Cliff Richard, first seen in 1963.

Cliff Richard, first seen in 1963. Image courtesy of Mirrorpix/Getty Images

I was hired for a holiday job on a nearby farm to pick potatoes. For a shilling an hour, I was bending over and pulling potatoes out of the ground all day long. When I finally had enough money saved up and was back down Marsden's to get Elvis Presley, the boredom and back pain were all worthwhile. I didn't mind that Heartbreak Hotel wasn't on the LP because there were so many amazing new songs.

With its frenzied rhythms and impassioned chorus, "Blue Suede Shoes," was a great way to start the song. I loved Elvis Presley's I'm Left, You're Right, She's Gone, where his tremulous voice conveyed stories of abandonment. With its wild twang, honky-tonk piano, and sad singing, Lawdy Miss Clawdy was a song I worshiped. Hell, I cherished every single track on the album.

It wasn't only me in the family who had an Elvis obsession. My thirteen-year-old eldest sister, Donna, loved him. I took her to the movies at the end of 1956 to watch him in Love Me Tender. She cried. "Harry, may I take your handkerchief please?" It was more than simply soaking through when she returned it. It was ripped.

I embarked on a resolute solo quest to emulate him in every way that was humanly feasible. Naturally, the quiff came first. I wasn't the only boy in Cheshunt who spent hours in front of the bathroom mirror trying to straighten my hair and sweeping it to the back of my head with Brylcreem. I was really happy with my Brylcreem application, but it never looked as nice as it did when Elvis had a few strands hanging over his forehead from his quiff. I was never able to duplicate that.

Cliff Richard, approximately 1959, attempting to polish his Elvis hairstyle.

Cliff, approximately 1959, attempting to polish his Elvis hairstyle. Pictured by Redferns/Beverly Lebarrow

My diet was even impacted by my adoration for Elvis. I started eating my toast this way too after reading in Girlfriend magazine that he like spreading peanut butter and jam—or "jelly," as it is known in the United States—on it. I was able to develop the taste, though it was an acquired one. Elvis eats it like this! I said to myself. It HAS to taste amazing!

I began to be referred to as the "English Elvis" or the "British answer to Elvis" once I made my breakthrough. That second description, as I have always stated, disregarded one fundamental truth: Elvis was not a question. When faced with a major decision, I no longer ask myself, "What would Elvis do?" as I used to in my early years. I have experienced that. A long time ago, I gave up being the "English Elvis" and became Cliff Richard.

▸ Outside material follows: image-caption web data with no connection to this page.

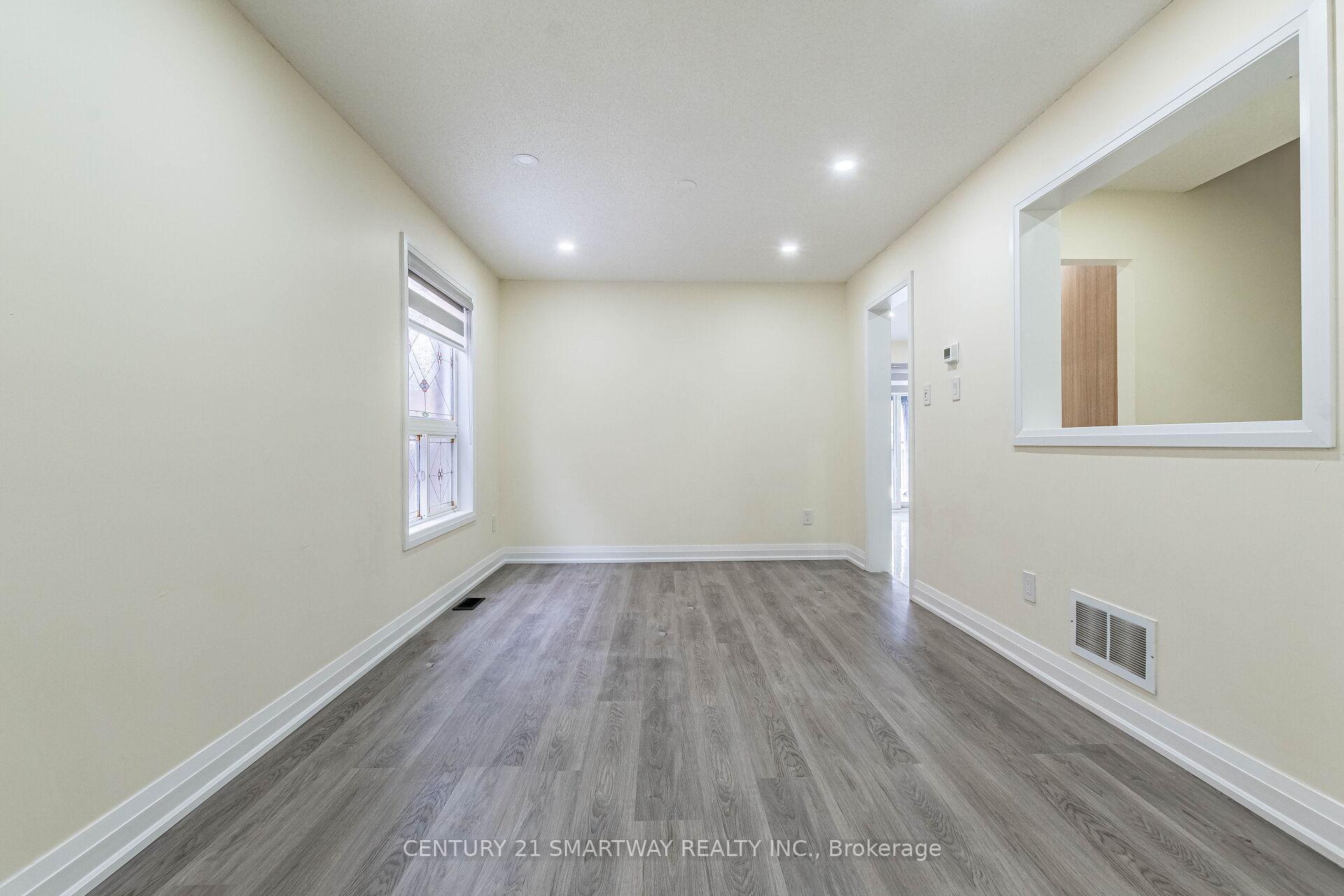 Photo 8 of 212 Twin Pines Crescent, Brampton, Northwest Sandalwood Parkway — HOMEH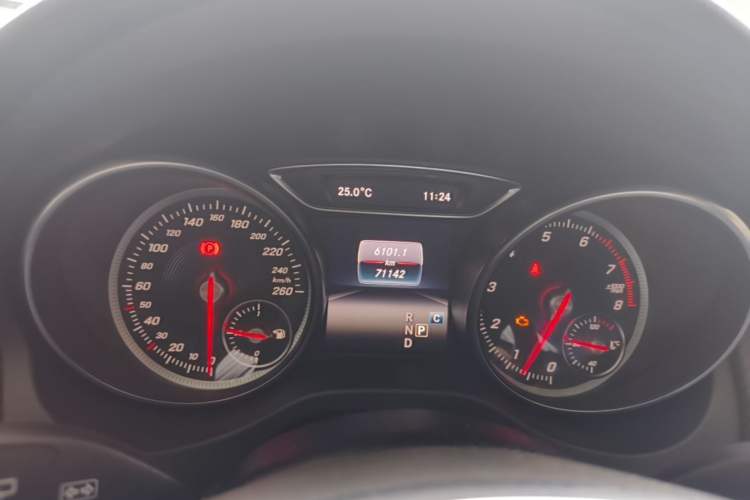 Used Mercedes-Benz GLA 2019 GLA 200 Dynamic Edition Instrument Cluster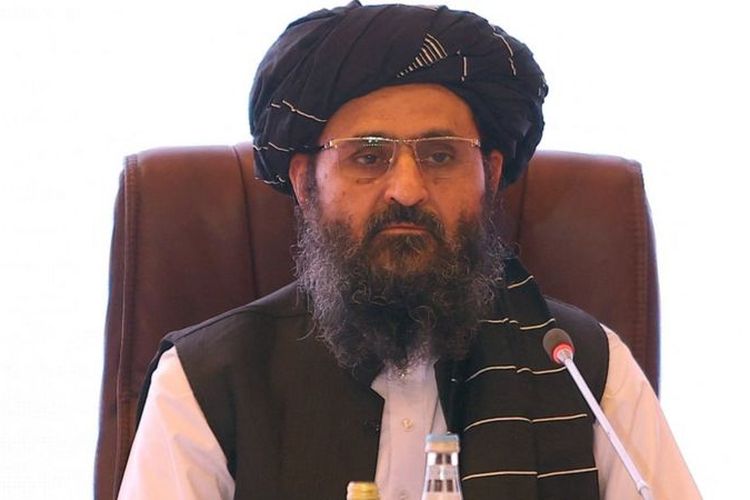 Mullah Abdul Ghani Baradar mewakili Taliban menandatangani kesepakatan Doha terkait dengan penarikan pasukan AS.
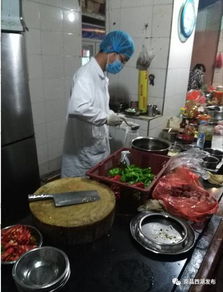 区市场监管局组织开展餐饮服务环节食品安全抽检，筑牢舌尖安全防线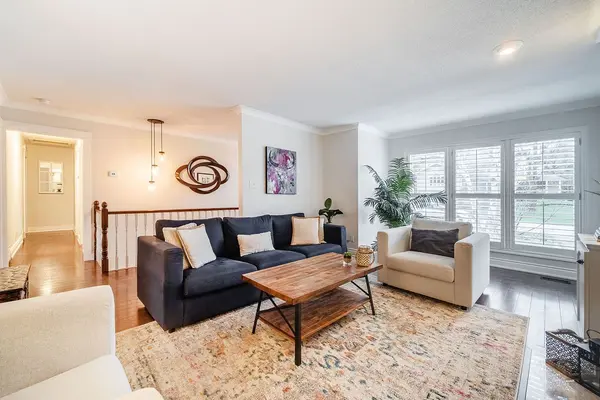 388 Ash RD, Oakville, ON L6J 4P7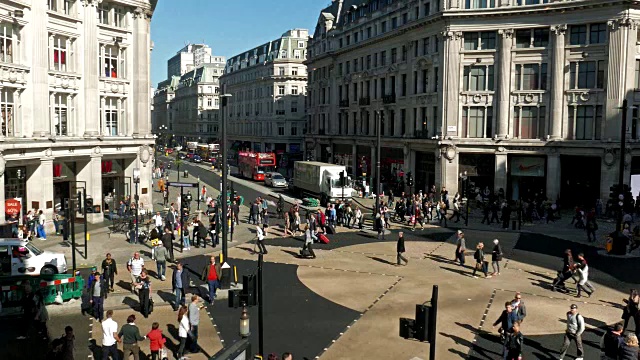 行人穿过著名的牛津广场，英国伦敦视频素材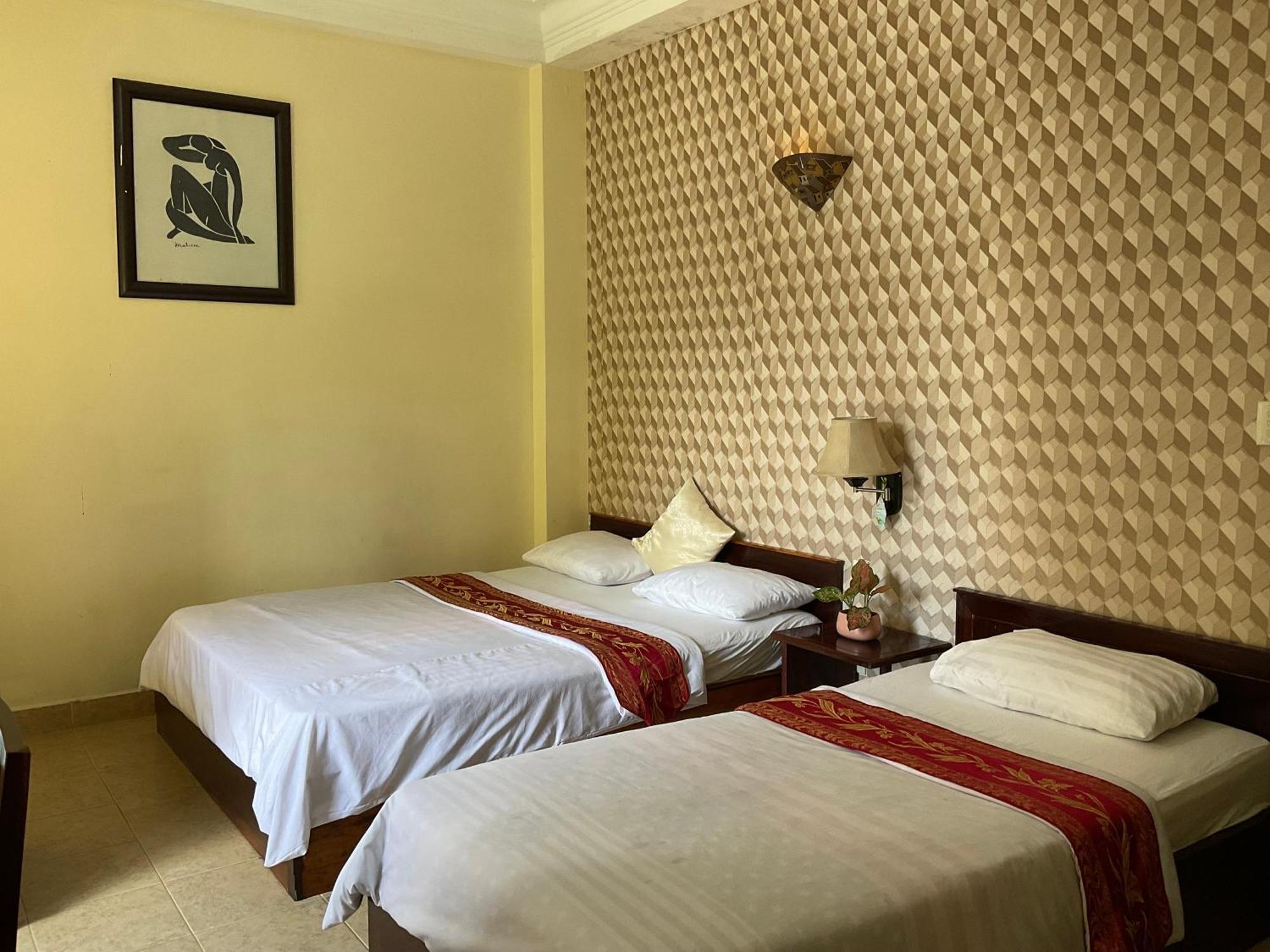 होटल Khach San Minh Chau - Hoa Hung 2*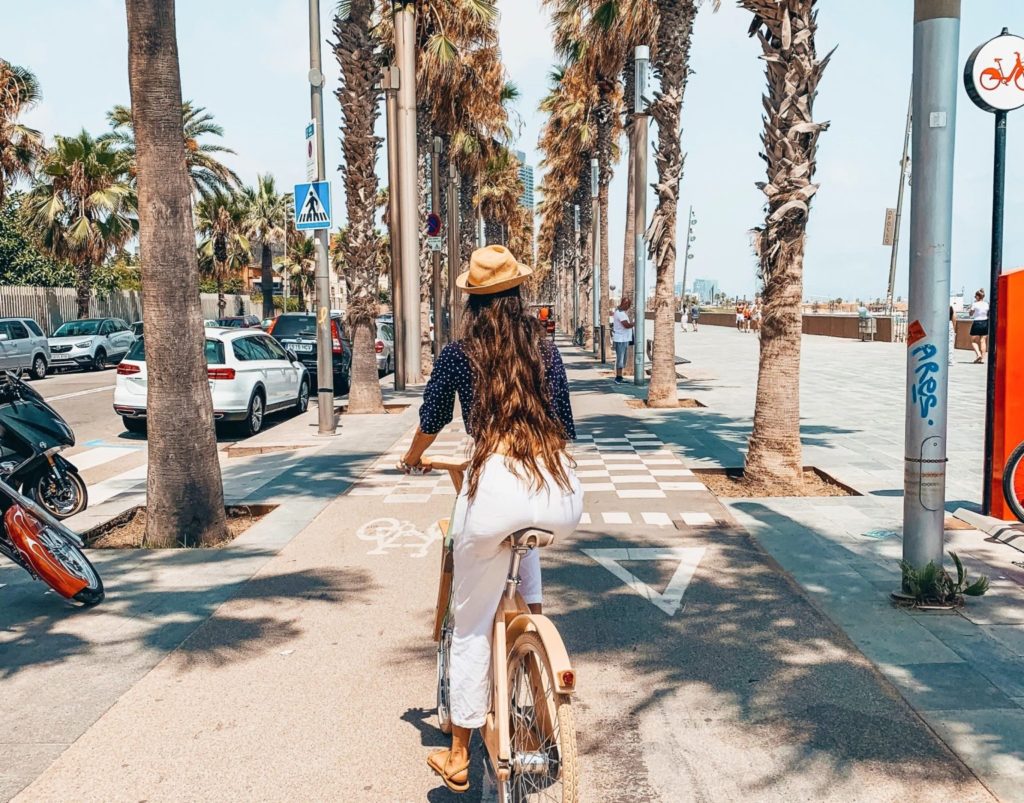Carriles para bicicletas a lo largo de la playa de la Barceloneta se encuentran entre los más populares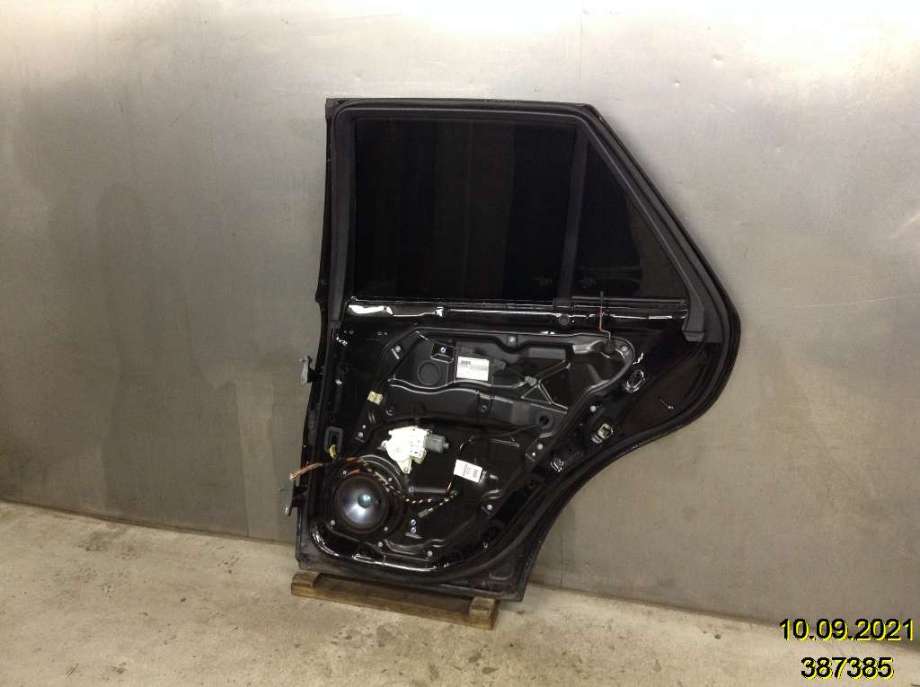 Dør høyre bak til Mercedes ML 2005-2011 (W164) (W164) (MERCEDES|A 164 730 02 05|)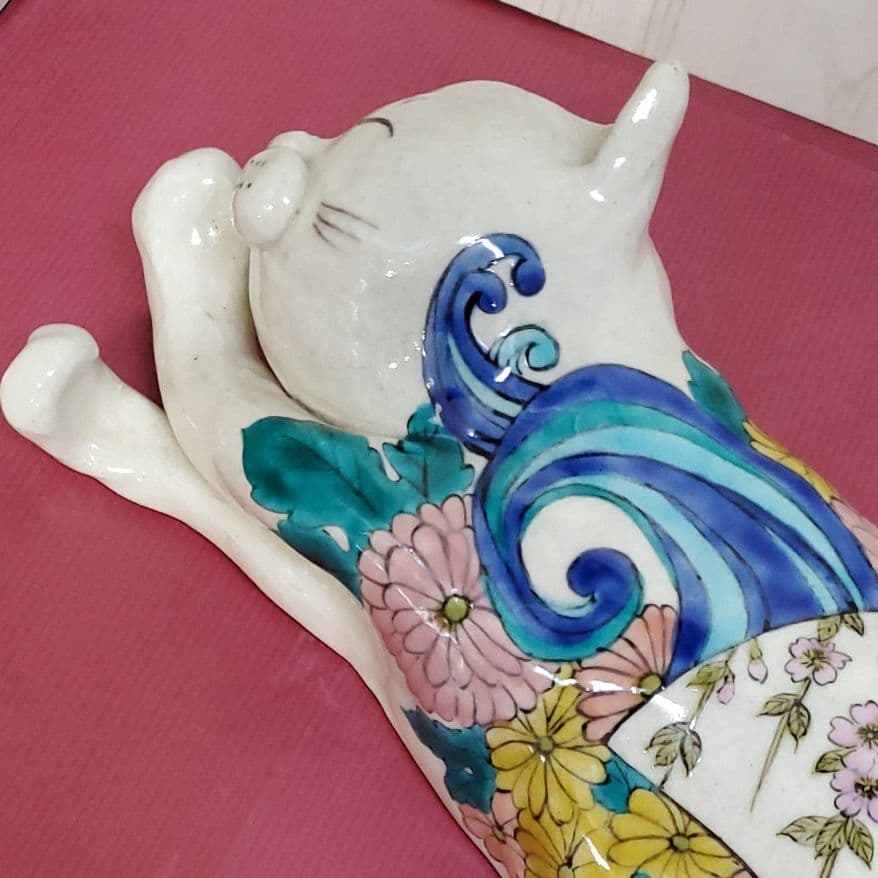 九谷焼 横猫 色絵菊 猫 置物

Still, though, I feel like I owe him everything. In Barbados, there are plenty of mornings when I wake up, look out my bedroom window onto the Caribbean, and think to myself, "How in the world did I get from Cheshunt to here?" And Elvis Presley is the response.

 Cliff Richard's book A Head Full of Music, published by Ebury Spotlight, is currently available. Purchase a copy at to help the Guardian and the Observer. Delivery fees can be incurred.